● Task statement:
For this exercise, repeat the records below exactly and omit every picture.

● Data for this exercise:
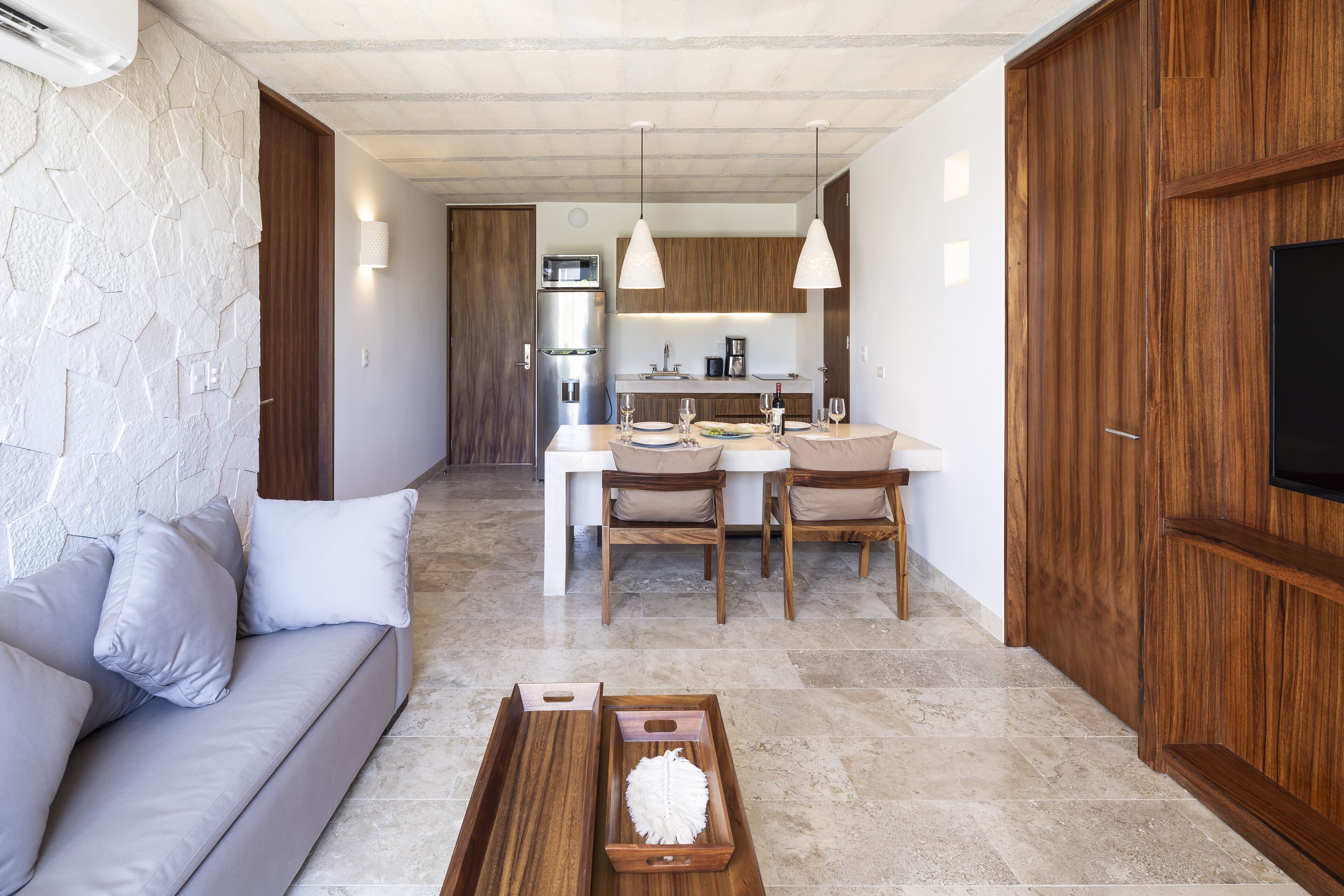 Una sala de estar moderna con un sofá, una mesa de comedor y sillas. Se observa un área de cocina al fondo con un refrigerador y una máquina de café.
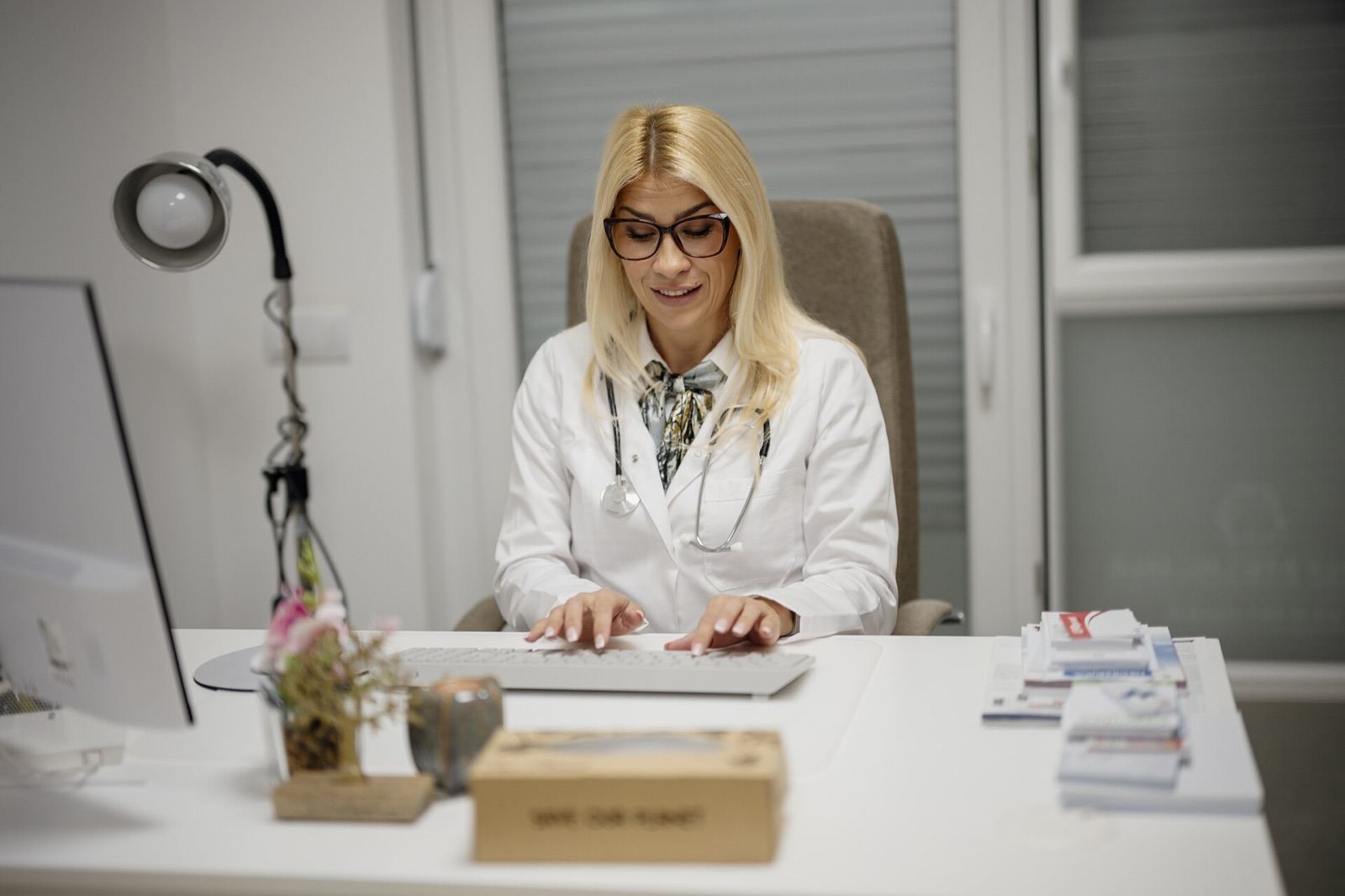 A doctor taking notes during a consultation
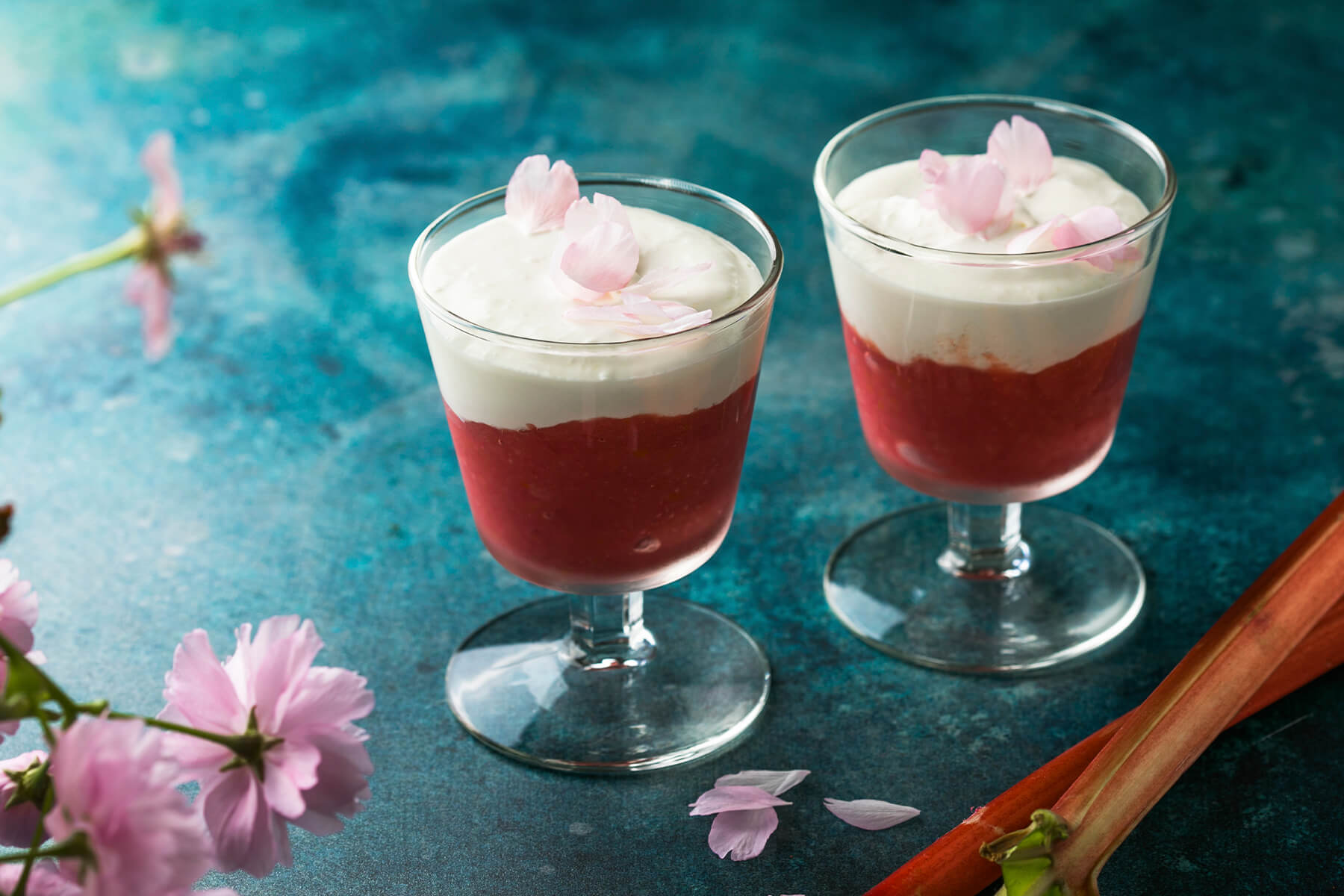 Zwei Gläser Rhabarber-Creme-Dessert mit roter Frucht- und weißer Cremeschicht, dekoriert mit Blütenblättern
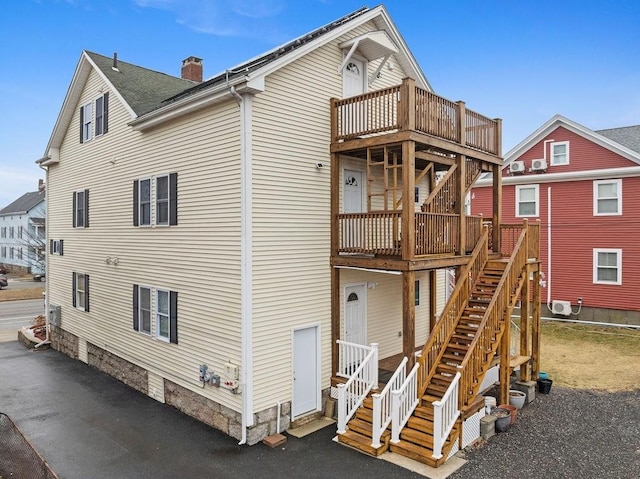 back of property featuring stairway, a chimney, and a wooden deck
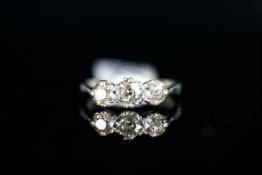 DIAMOND THREE STONE RING OLD CUT, centre stone estimated 0.40ct two outer stones estimated 0.30ct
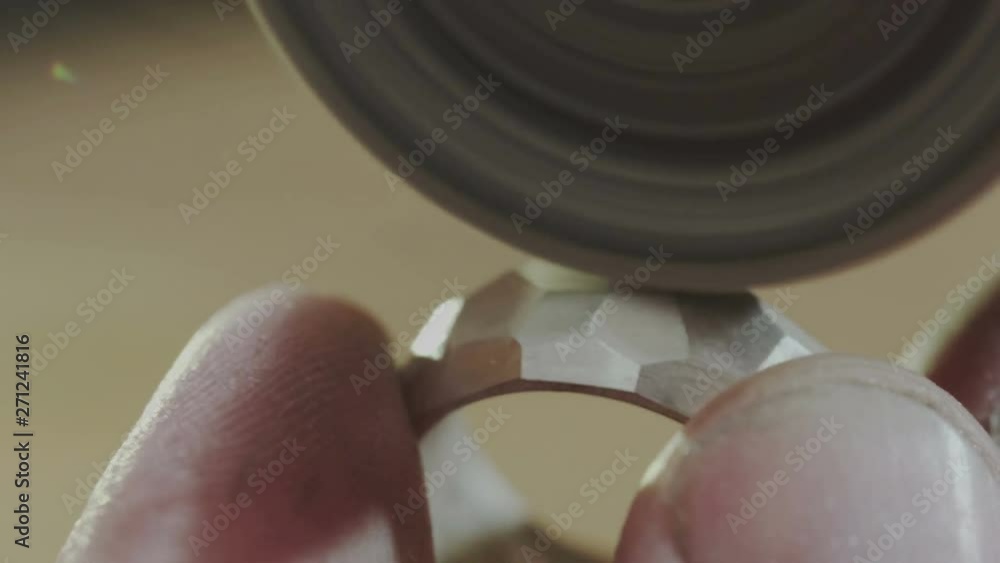 Male jewellery creator hand polishing and buffing a gold or platinum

● Output below:
 Una sala de estar moderna con un sofá, una mesa de comedor y sillas. Se observa un área de cocina al fondo con un refrigerador y una máquina de café.
 A doctor taking notes during a consultation
 Zwei Gläser Rhabarber-Creme-Dessert mit roter Frucht- und weißer Cremeschicht, dekoriert mit Blütenblättern
 back of property featuring stairway, a chimney, and a wooden deck
 DIAMOND THREE STONE RING OLD CUT, centre stone estimated 0.40ct two outer stones estimated 0.30ct
 Male jewellery creator hand polishing and buffing a gold or platinum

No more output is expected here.